Postby ManuT » 08 Oct 2011 21:19

ABDULLAH HUSSAIN HAROON

I remember him from the TV interviews he was giving outside UN after Mumbai attacks time in 2008. I am surprised he is still warming the same seat in the same place.

Security Council 6034th Meeting (AM & PM)
9 December 2008

http://www.un.org/News/Press/docs/2008/sc9524.doc.htm

ABDULLAH HUSSAIN HAROON ( Pakistan) said he was deeply troubled by the events in Mumbai, as well as, a few days later, similar violence in Peshawar, in his own country, which he said showed the common experience of all States that were victims of terrorism. His President had pledged to bring to justice anyone found to have been involved in those attacks. Not only was Pakistan not involved in the attacks in any way, but it, too, was subject to such attacks, and had taken action against extremist groups who sought, in any way, to destroy the peace of the country and its neighbours. In that context, he was a bit surprised by the strong denouement of the Indian statement. The best response to the Mumbai carnage was to cooperate in the struggle and to support Pakistan’s fight against terrorism.
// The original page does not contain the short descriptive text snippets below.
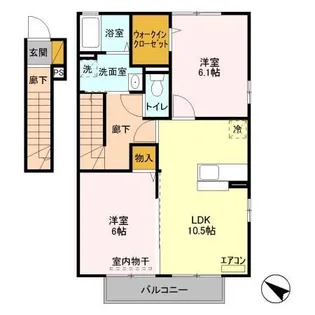 プラムガーデン【2階】の間取り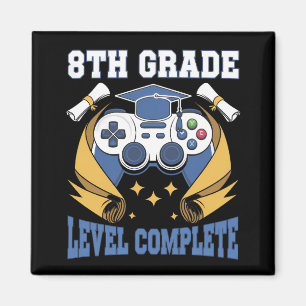 Abschluss der 8. Klasse Gaming Gamer Abschlussfeie Magnet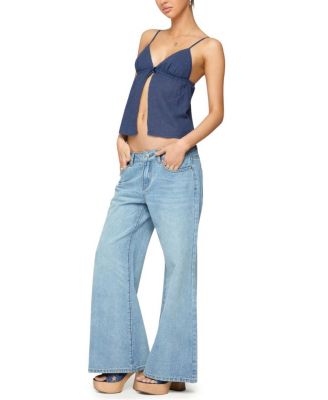 Otis Eyelet Split Front Tank Top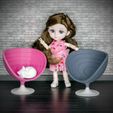 DSC_4387-2-копия.jpg STL file Miniature model modern Swivel Chair 1:12 Scale for Dollhouses. Swivel Chair dollhouse furniture. Model Chair・Model to download and 3D print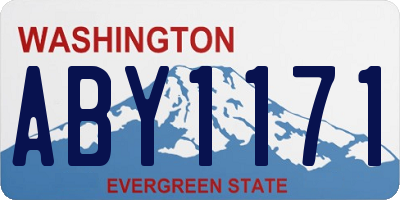 WA license plate ABY1171
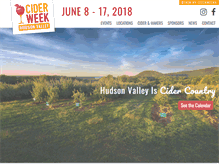 Tablet Screenshot of ciderweekhv.com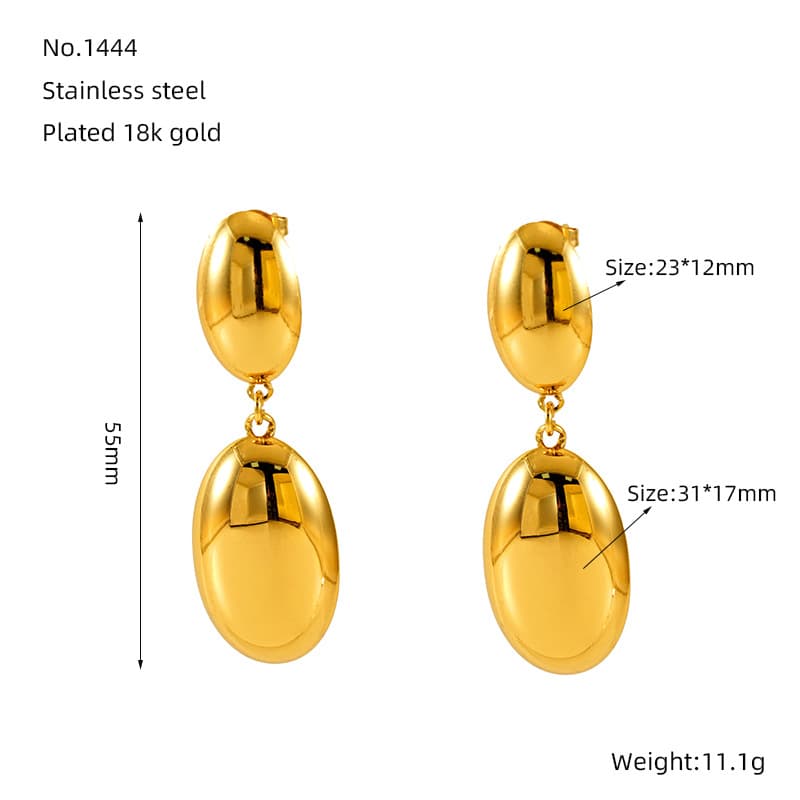 Aretes geométricos ovalados simples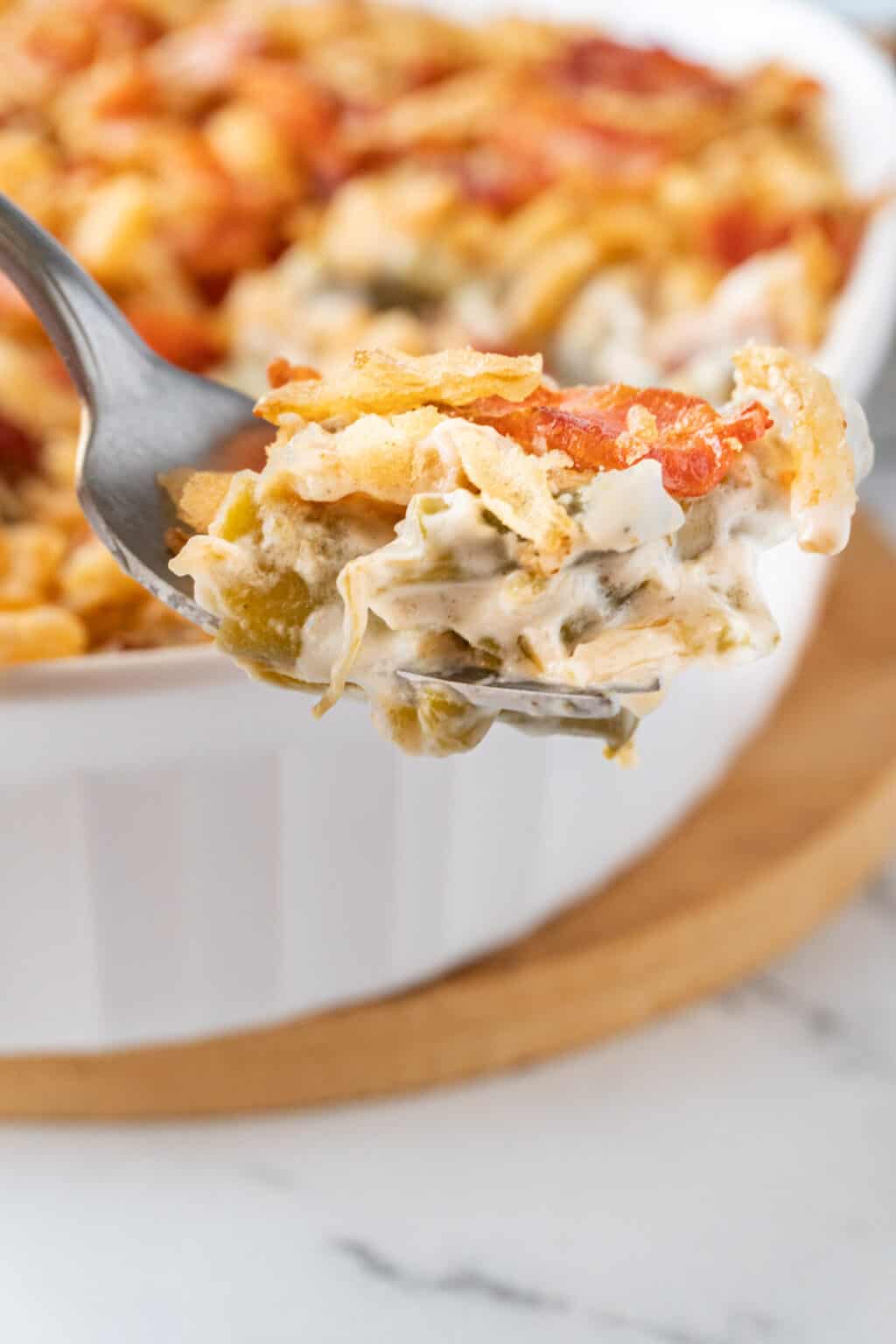 The BEST Green Bean Casserole with Cream Cheese Easy to Make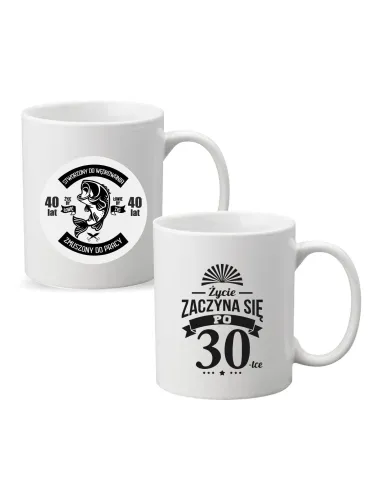 Kubek z Nadrukiem Napis Prezent na 30 Urodziny na Prezent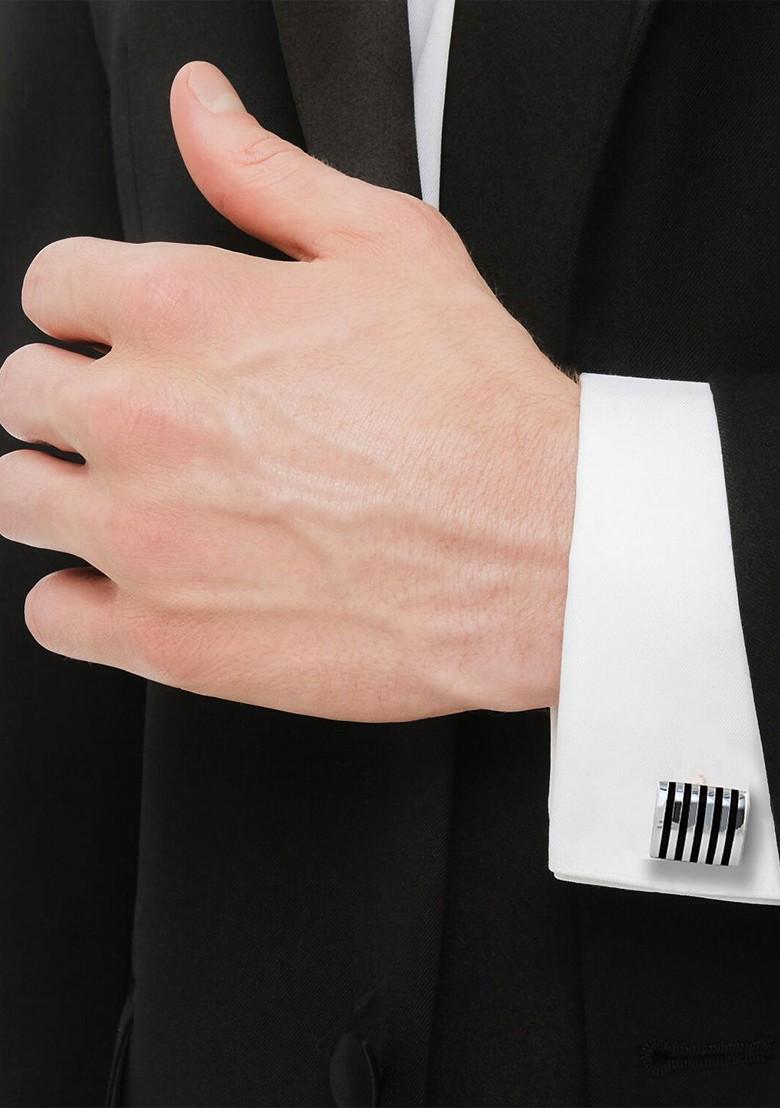 Silver Studs Silver Plated Cuffling For Men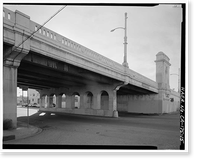 Historic Framed Print, First Street Bridge, Spanning Los Angeles River at First Street, Los Angeles, Los Angeles County, CA - 15,  17-7/8" x 21-7/8"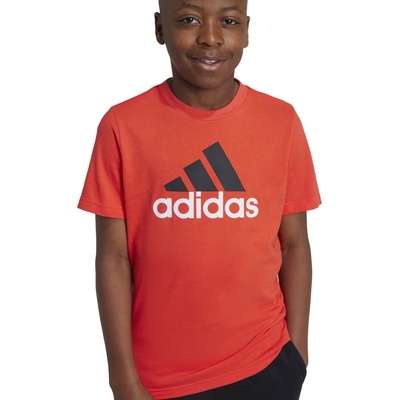 adidas Essentials Two-color Big Logo Cotton T-shirt červená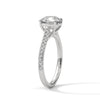 Classic Pave Engagement Ring with Round Cut Lab Grown Diamond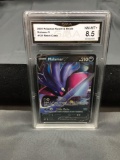 GMA Graded 2020 Pokemon Rebel Clash #121 MALAMAR V Holofoil Rare Trading Card - NM-MT+ 8.5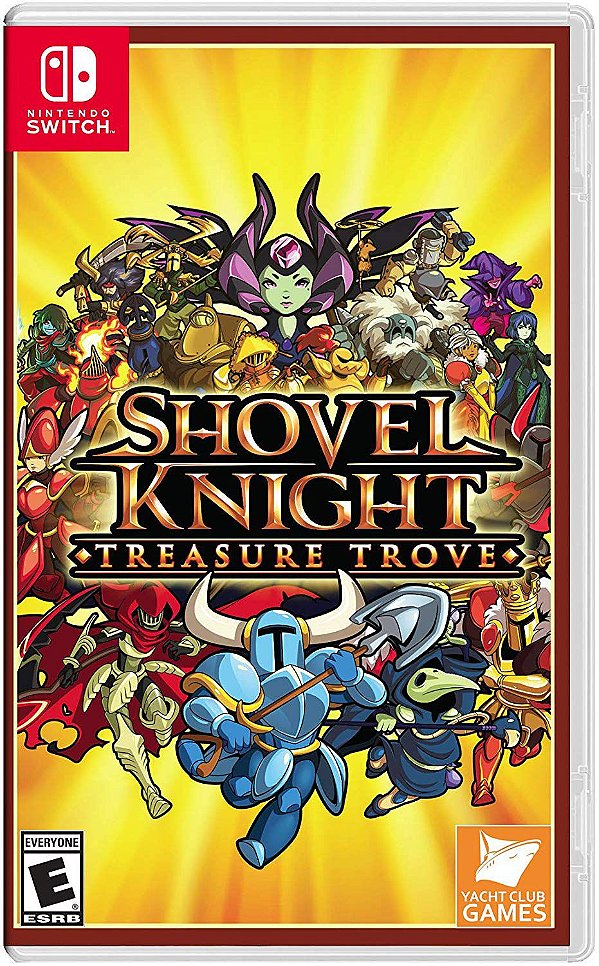 Jogo Shovel Knight Treasure Trove - Switch - Yacht Club Games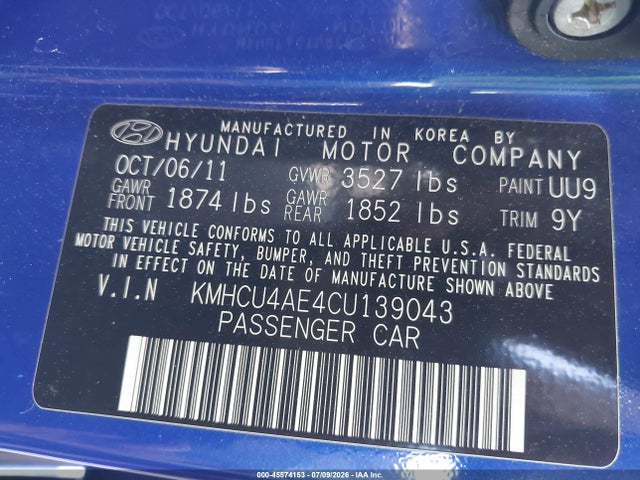صورة 9 لـ 2012 Hyundai ACCENT GLS
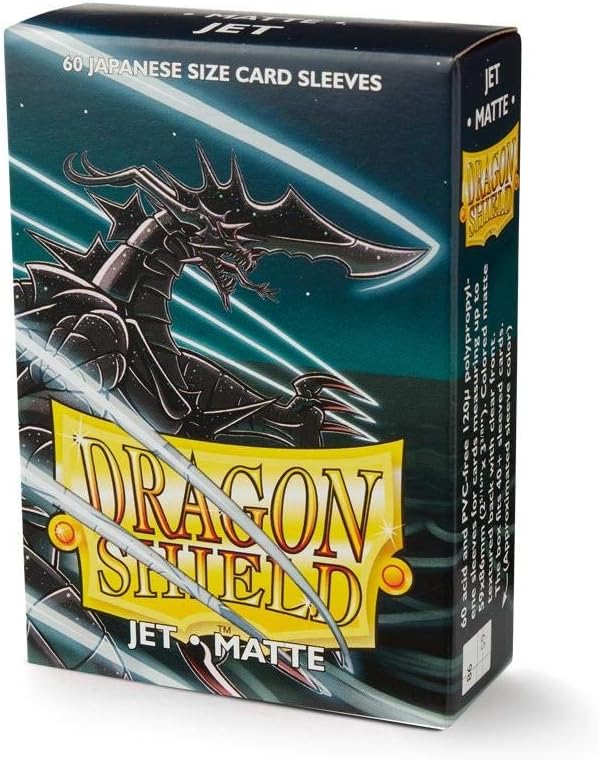 Arcane Tinmen Dragon Shield Matte Japanese Size Sleeves - Jet Trading Card Sleeves (11124)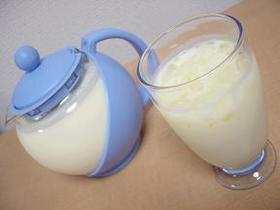 豆乳ヨーグルトで作る★飲むヨーグルト★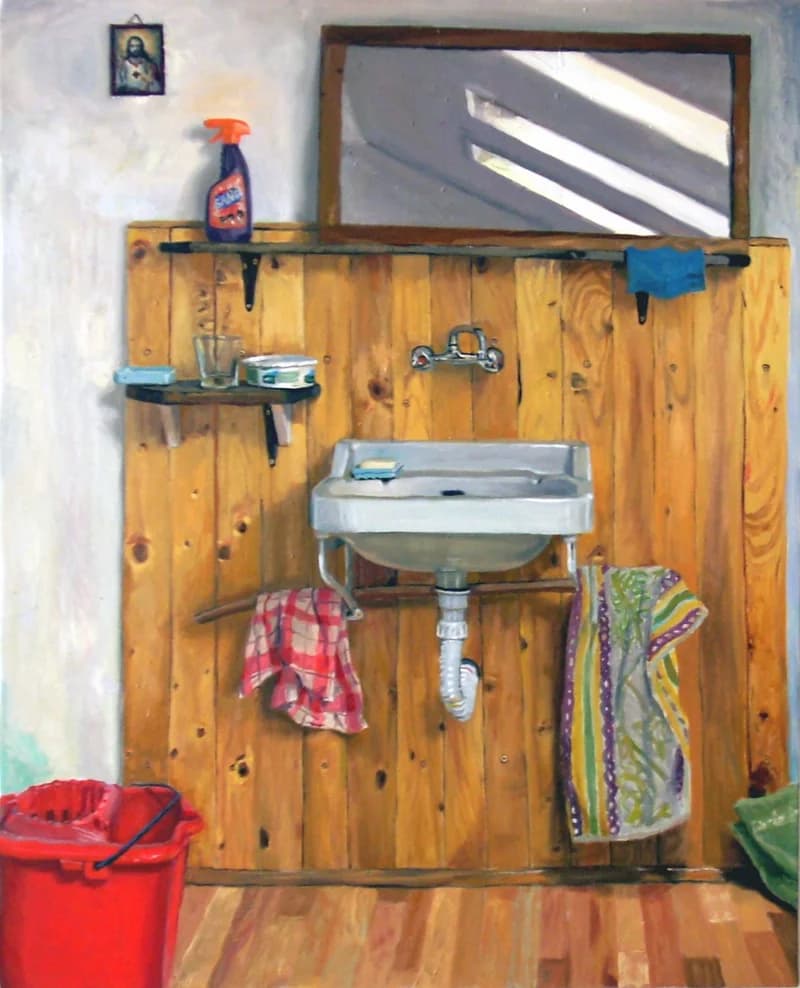 A műtermi mosdóm és környéke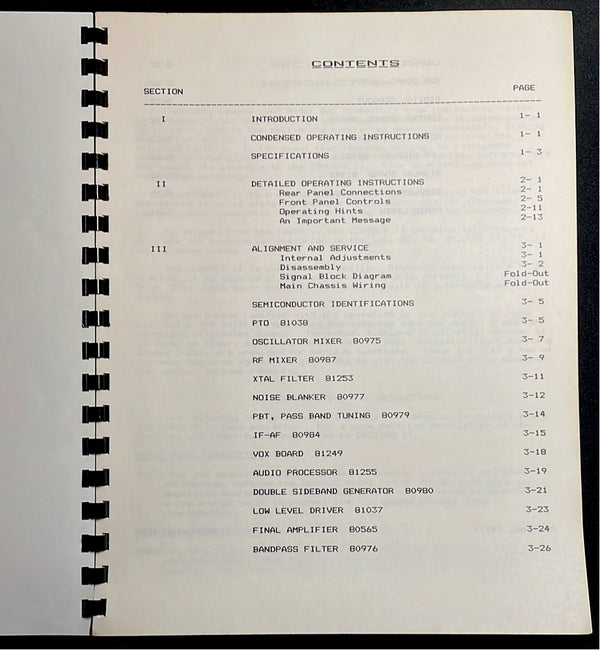 Ten-Tec Corsair II Owner's Manual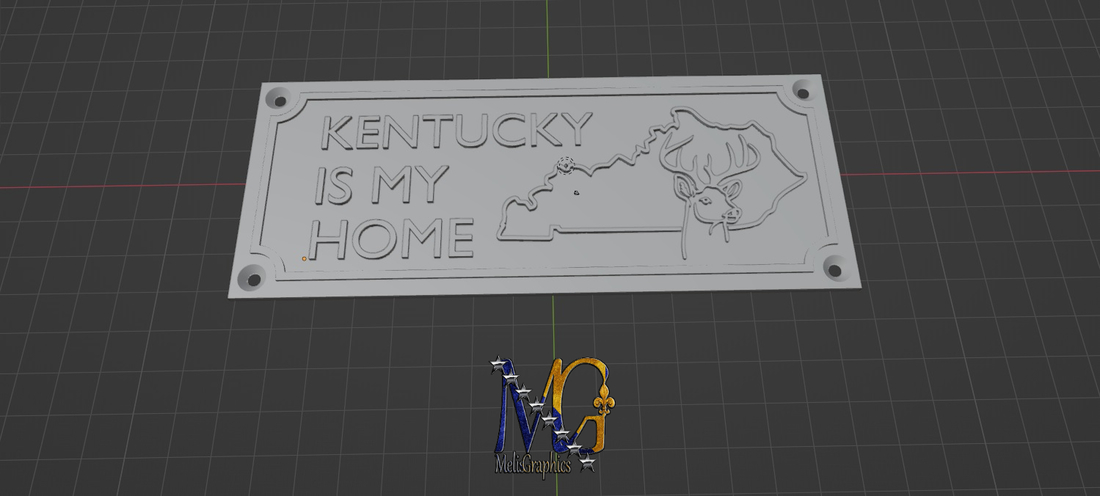 Kentucky Is My Home - Sign - STL 3D Print File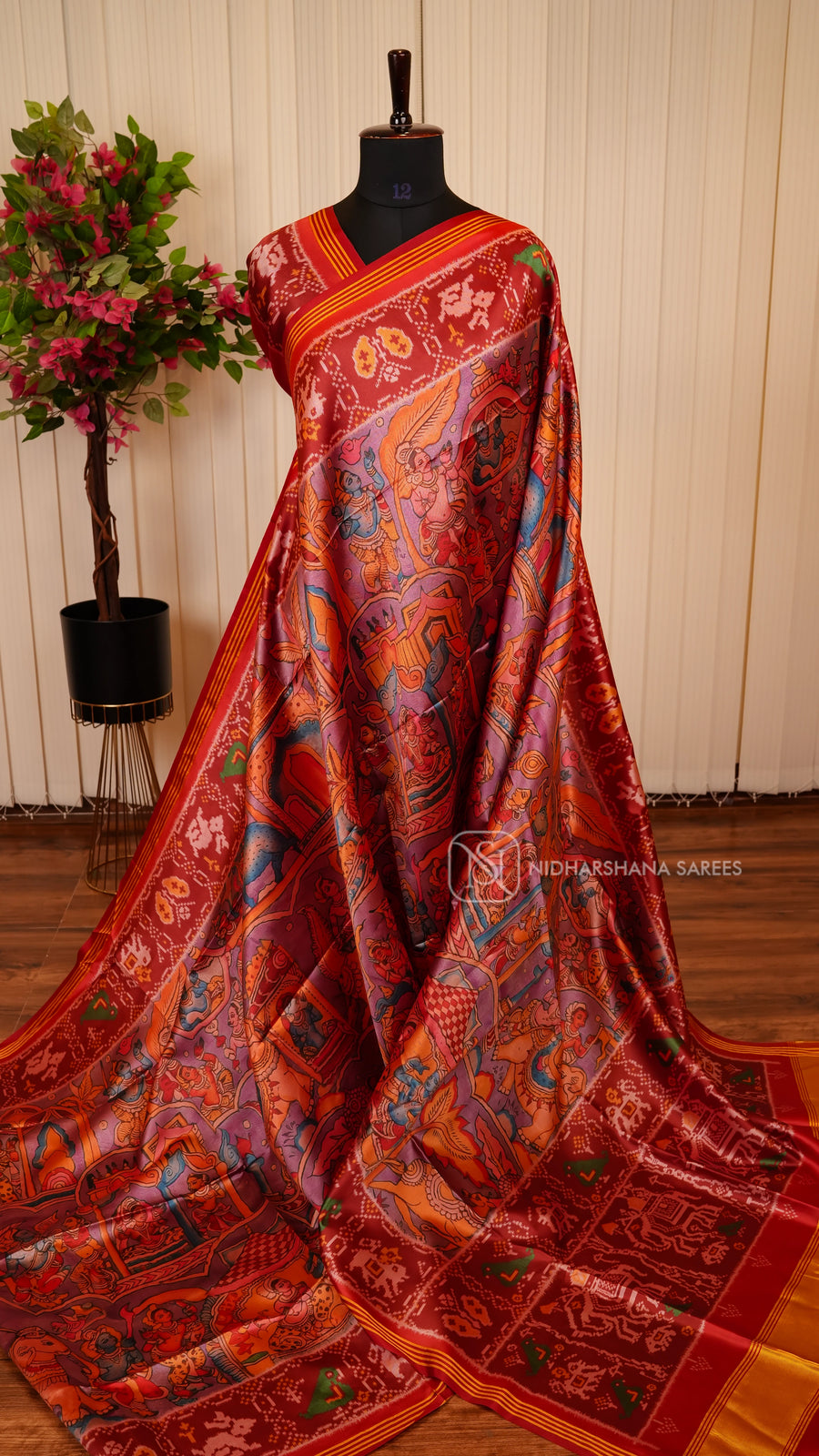 Semi Patola With Printed Concept And Zari Border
Terrorist acts against Pakistani citizens had originated in India, as well.

The best outcome of the tragedy would be the resolution of the issue of Kashmir. In addition, mullahs from Indian provinces could cooperate in promoting a fatwah against suicide bombings and other forms of violence in both countries. The Government of Pakistan had already instigated an investigation, on its own, of the Mumbai attacks, and prepared a strategy to arrest individuals found to be part of those attacks and to provide effective supervision of various welfare organizations that could have provided support. His Government had also reached out in various ways to India. In the broader fight against terrorism, it was crucial to formulate comprehensive strategies. Simplistic approaches would only create more problems. Initiatives to promote international harmony were critical, as well as political solutions to long, unresolved conflicts such as Kashmir and Palestine, and as appropriate solutions to other root causes. He also stressed the need to strengthen democracy around the world and, most importantly, the need for the international community to stand united.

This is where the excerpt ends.